On January 27, US President Donald Trump signed an Executive Order temporarily banning citizens from seven Muslim-oriented countries in the Middle East from being allowed entry into the United States. It is said that the Order was made for the purpose of preventing certain terrorists from entering America. This Order was challenged and a Supreme Court judge, James Robart, sitting in the City of Seattle in the State of Washington, ordered the suspension of the ban. The view is that whilst the President may have the authority to issue such orders in principle, many are of the opinion that the Order in question was too broad. Seemingly, the Order was overturned for this said reason by Justice Robart.

The Judge opined: “It is not the court’s job to create policy or judge the wisdom of any particular policy…but rather to make sure that actions taken by the executive or legislative branches comport with our… laws.” As a consequence of the overturning of the Executive Order by the judge, President Trump tweeted: “The opinion of the so-called judge which essentially takes law enforcement away from our country is ridiculous, and will be overturned.” The President continued to tweet that, if it happens that any terrorists enter the US and undertake some terrorist activity he would blame the judge. It is most disturbing to note that these personal attacks on a judge could happen in what is generally considered to be the great United States of America, which is commonly regarded as the bastion of Western liberal democracy.

It is interesting to point out that Justice James Robart was appointed as a federal judge by Republican President George W. Bush in 2004, and was confirmed overwhelmingly by the US Senate with 99 votes in favor, with none against. Previous to the above mentioned episode, during his election campaign, the then presidential candidate Trump had publicly lambasted another federal court judge, Gonzalo Curiel, as being biased against him in a case concerning “Trump University”, and used the judge’s Mexican heritage as being the reason.

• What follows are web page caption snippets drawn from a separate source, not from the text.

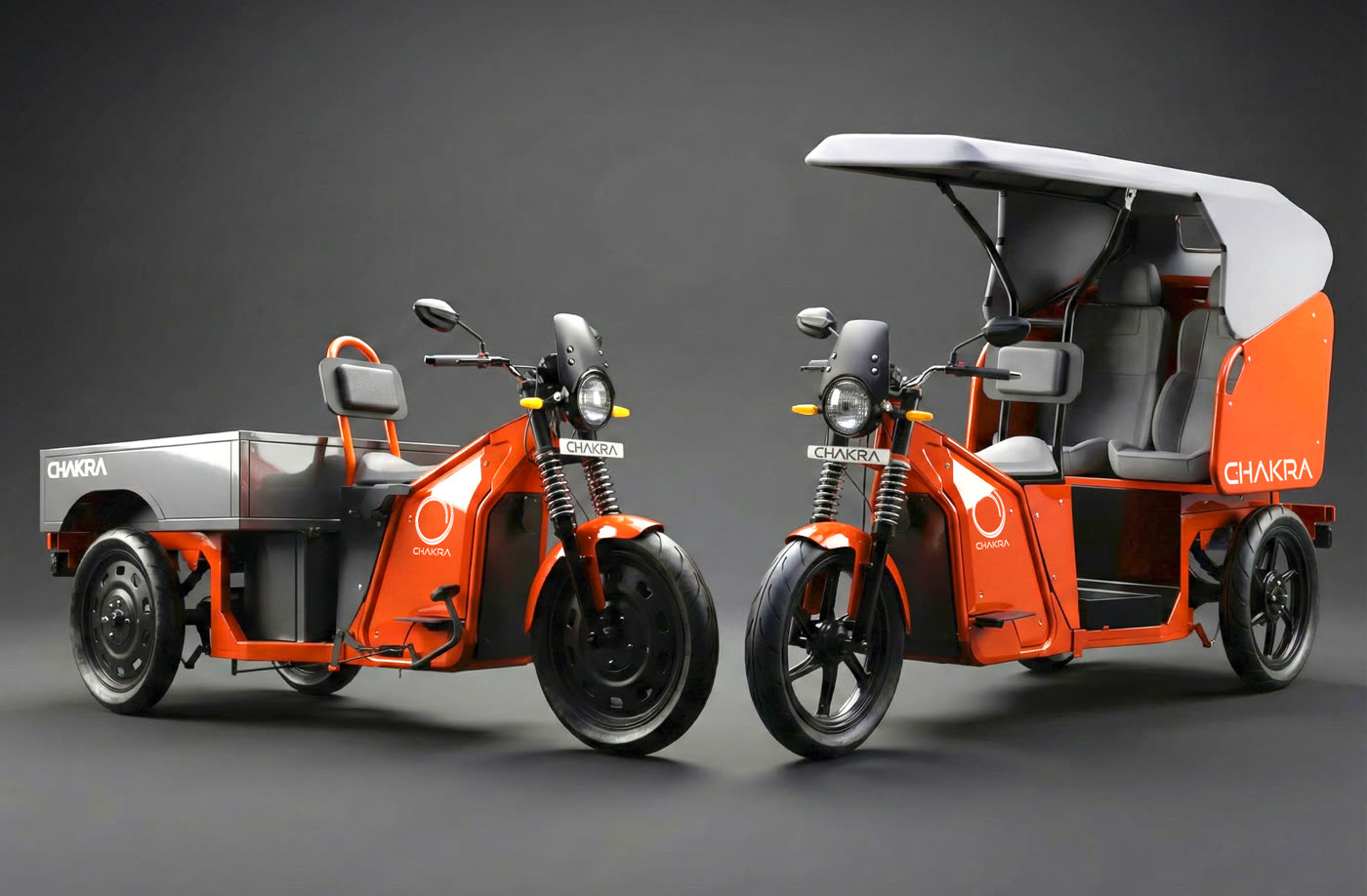 Chakra Citypod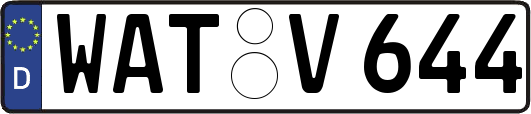 WAT-V644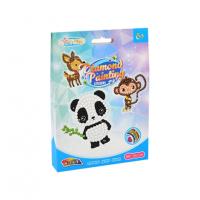 Дитяча алмазна мозаїка "Тварини" FG24030101B-1 фігурки-наліпки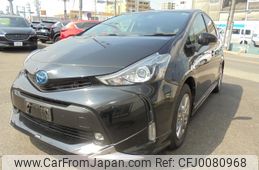 toyota prius-α 2020 -TOYOTA--Prius α DAA-ZVW41W--ZVW41-0087269---TOYOTA--Prius α DAA-ZVW41W--ZVW41-0087269-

In the US, as in other Western liberal democracies, the judiciary represents one of the three main organs of governance; the other two organs are the executive (or the President in the US, and the Prime Minister in the case of Grenada) and the legislature (comprising the House of Representatives and the Senate, in both the US and Grenada. Together, the House and Senate in America make up the Congress). In the US, guided by the centuries-old doctrine of separation of powers, it is to be expected that each of these organs must pay due respect to one another. When it is seen, by ordinary citizens, that the executive seems to disrespect the judiciary it is reasonable to assume that they, too, would adopt the tendency of disrespecting organs of authority as to say, “if the priest could play, who is we”. The same logic may also be applied to our Caribbean leaders.

When our leaders observe that the President of the showpiece of constitutionalism engages in such activities, they too may be tempted to do the same. This would inevitably have the tendency towards having a total breakdown of law and order in our various societies. In the present context, therefore, following “the priest” is following a bad example. Hence, it is most important that we, in the Caribbean, must be forever conscious of the independence of the judiciary in our part of the world. We must always be prepared to stand up in its defence.